Heureusement le beau temps se confirme, le soleil donne et les chevaux sont heureux. La lumière fait qu’il nous semble marcher ailleurs que là où nous avons mis nos sabots hier. La pause a lieu au soleil devant un panorama de collines herbues et arborées, les trois yourtes aux Français toutes petites sur l’étendue. Juste derrière nous se dresse le bois où nous avons déjeuné dans un froid de canard, proche du « lac de l’étrier ».

La grimpée d’hier dans la forêt se transforme aujourd’hui en grande descente à cheval, pénible aux genoux car les pieds sont tendus sur les étriers pour compenser la pente. Suit la longue vallée « de l’étalon blanc ». A son ouverture est établi le camp de yourtes d’avant-hier, où nous nous arrêtons pour camper à nouveau et rendre les yaks.

Le soleil est arrivé avant nous et les petits enfants ont quitté leurs lourds vêtements pour courir tout joyeux en tee-shirts légers. Ils jouent comme des fous avec le ballon de Tserendorj. La belle lumière au soleil descendant dore les visages et fait ressortir leur teint fleuri.

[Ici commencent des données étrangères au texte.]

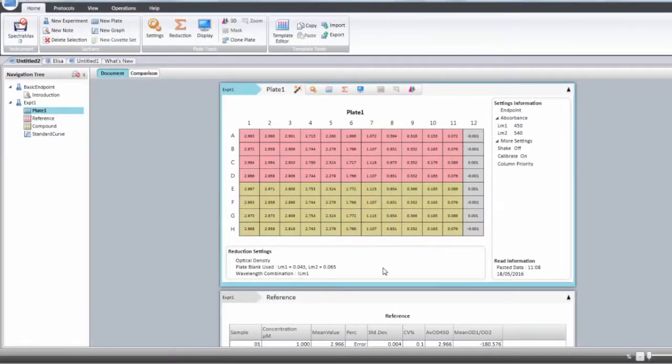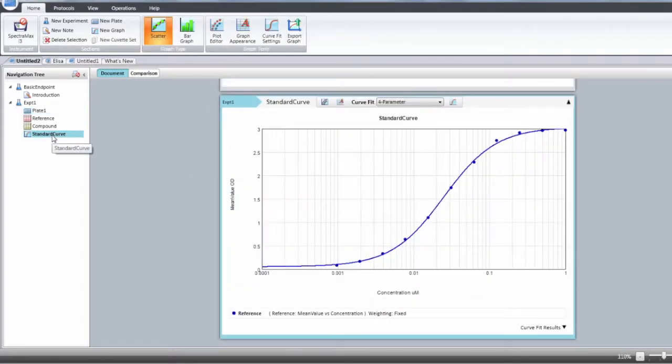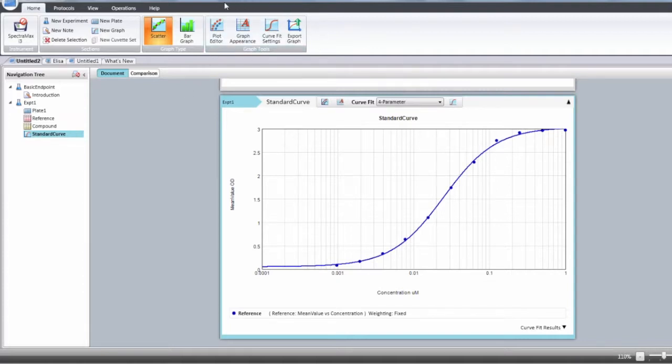So in order to modify your graph, you have to select the graph section in the navigation tree. You're going to be able to modify that graph from the top menu in SoftMax Pro or from the menu within the graph section.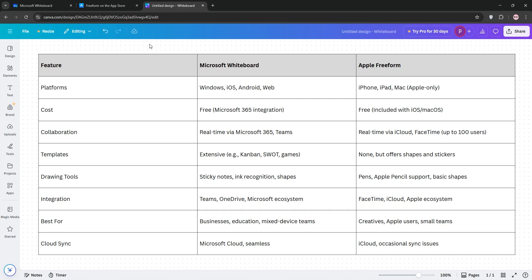Check out our chart for a quick breakdown, and that's it guys. Try both to see what fits your vibe, like and subscribe for more tech comparisons, and let us know your favorite in the comments.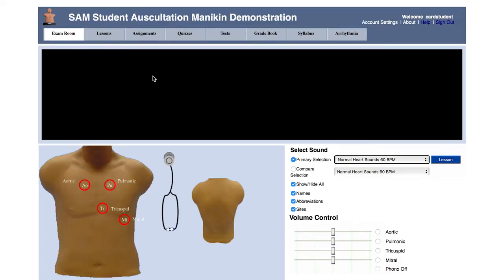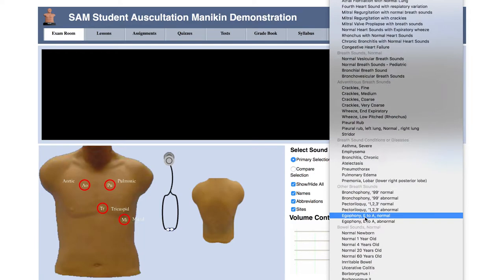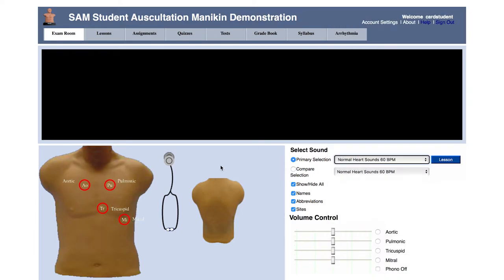With the SAM Online interface, we've made everything highly efficient so that no time is wasted searching for the tools you need. At the menu tab up top, we start with the exam room. This is where students will be able to listen to over 80 cardiac, respiratory, and bowel sounds, as well as see the corresponding phonocardiogram and EKG waveforms.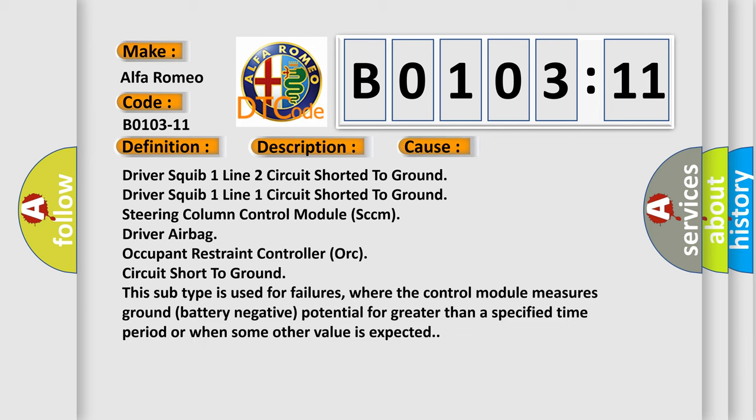This diagnostic error occurs most often in these cases: Driver squib 1 line 2 circuit shorted to ground, Driver squib 1 line 1 circuit shorted to ground, Steering column control module (SCCM) driver airbag.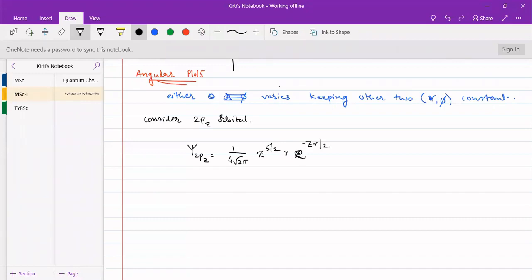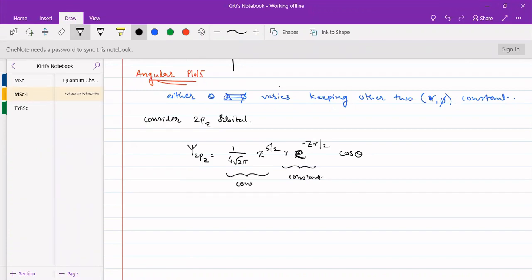The wave function is e to the power of minus Zr by 2, times cos theta. The r and phi terms — specifically, r times e to the power of minus Zr by 2 — are constant. This term is constant because it does not have any variables. So we can write psi of 2pz equals constant times cos theta.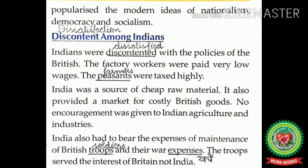Another important cause of the rise of nationalism was discontent among Indians. Indians were discontented with the policies of the British — factory workers were paid very low wages, and peasants were taxed highly. Economic exploitation was the most important factor. The Indians realized that the main aim of British policies in India was to promote their own interests at the cost of Indian welfare. The growth of modern industries led to the birth of a new working class in India, who were exploited by factory owners, who were generally Englishmen.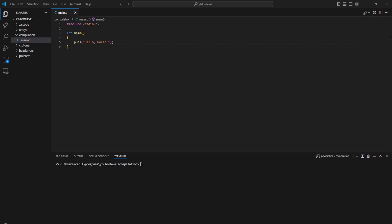Hey, what's up guys? Welcome back to the channel, and in today's video, I'm going to be showing you guys what really happens when your C program is compiled.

Le dîner est cette fois préparé par les chauffeurs. Les cuisinières ont quand même rajouté des sushis de riz aux feuilles d’algue. Ils ont eu tout le temps puisqu’ils n’ont pas conduit hier et aujourd’hui. Il s’agit du plat typique de la steppe, le ragoût mongol. Le mouton inévitable est cuit au bouillon avec quelques herbes sauvages et légumes. L’originalité consiste dans le mode de cuisson : on jette dans la marmite des pierres chauffées au rouge. Avec ce procédé, la viande est cuite à point en toutes parties du plat, sans brûler. Elle est tendre et grasse. L’usage veut que les convives se saisissent en premier lieu des pierres grasses et les fassent passer alternativement dans ses mains. Cela défatigue et masse les paumes tout en les graissant bien. On mange ensuite la viande avec les doigts. Les légumes sont très rares et ne servent que de bouquet garni.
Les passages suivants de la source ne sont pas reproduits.